Moment of Epiphany

Despite a hectic schedule and interruptions due to phone calls, he says, “Hoon ahiyan opera perform karu chhau, ghanaaj rehearsals chhe. Tamo hamnaaj be tran cheez poochho jaldi se” (I am performing an opera here and have several rehearsals. Ask me 2 or 3 questions quickly) in Parsi Gujarati, his mother tongue! Excerpts from an interview with maestro Zubin Mehta:

You are the Music Director of Life of the Israel Philharmonic despite being a non-Israeli and non-Jewish. How did that happen?

I went there as a substitute for a famous conductor in 1961. I must have had enough success for them to call me back. Then in 1969, they made me the music director. I shall retire on my own request in 2019, after 50 years of my conducting them. I don’t think there has been any conductor in classical music’s history, who has been a music director for 50 years!

What next after retirement?

Well, look, I am a young man! I have a contract with La Scala in Milan for the next three years, with the Berlin State Opera for the same period, and an open invitation to go back anytime I want. My calendar is quite full until 2021.

You rendered ‘Happy Birthday’ in the styles of various composers for the King and Queen of Spain in 2010. Why this particular rendition and how would you differentiate between styles?

I found this composition written in different styles. It was not easy, we had to rehearse a lot. The Queen appreciated it tremendously.

Your fusion with Kashmiri traditional musicians during your 2014 Kashmir trip, how did you fuse such starkly diverse styles into a singular symphony?

Our musicians enjoyed it. They sent us the music, we prepared it in Munich, we came to Kashmir and played it with them… I will never forget that! The whole concert in general, of having Hindus and Muslims sit together symbolically for one concert… I would love to visit Kashmir again and play in a bigger venue where more people can come. I will play in Kashmir anytime! There was opposition from the separatists.

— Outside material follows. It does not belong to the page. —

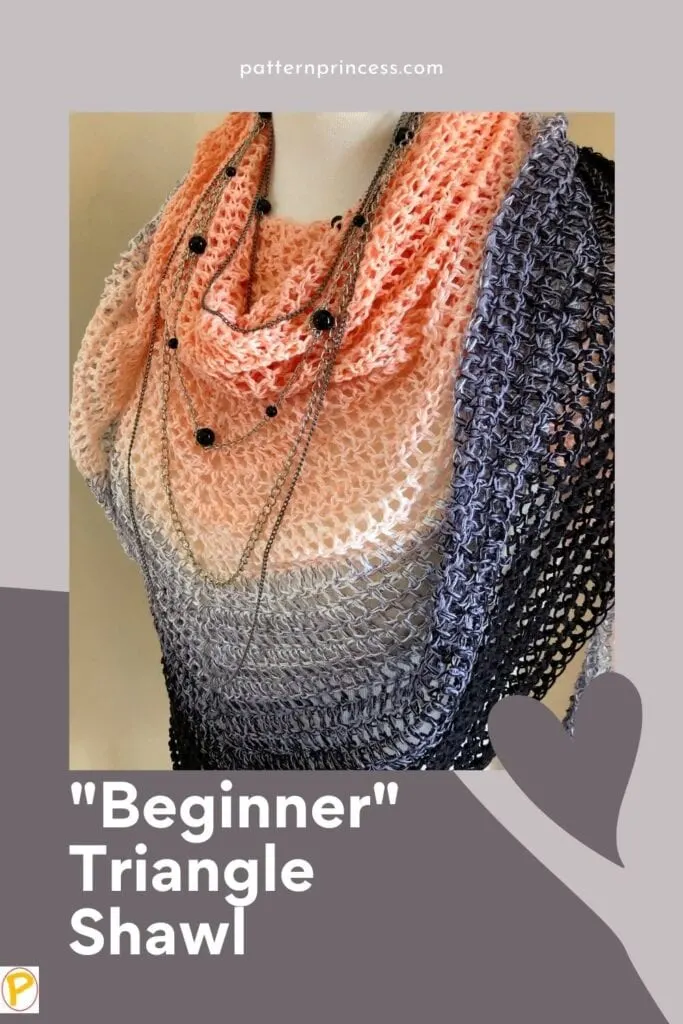 "Beginner" Triangle Shawl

The German ambassador was involved in the concert and also roped in a lot of German companies like Lufthansa and friends of mine from Mumbai donated heavily. It was a high-point event in my life! The gardens that emperor Jehangir built have been repaired for the people of Srinagar to enjoy now.

How do you relate to Indian classical music?

I love it! I am a big fan of Pt. Ravi Shankar, Ustad Allarakha, Ustad Ali Akbar Khan, Shehnai maestro Ustad Bismillah Khan and Pt. Hari Prasad Chaurasia.

Unlike in the East where there are drum solos, such as in Indian and Persian music, do you feel that the role of percussion is relatively less explored in Western classical music?

Well, you know we have complex rhythms in Western classical music also. But the rhythms that are improvised on the tabla by artistes such as Ustad Allarakha are completely different from the Western ones that are all written down. Indian music is improvised. Our musicians fly into space if they’re in the mood. Ustad Zakir Hussain is going to play with me in Israel in October. Anushka Shankar just played with me with the Berlin Philharmonic.

So Western classical music is flexible for fusion?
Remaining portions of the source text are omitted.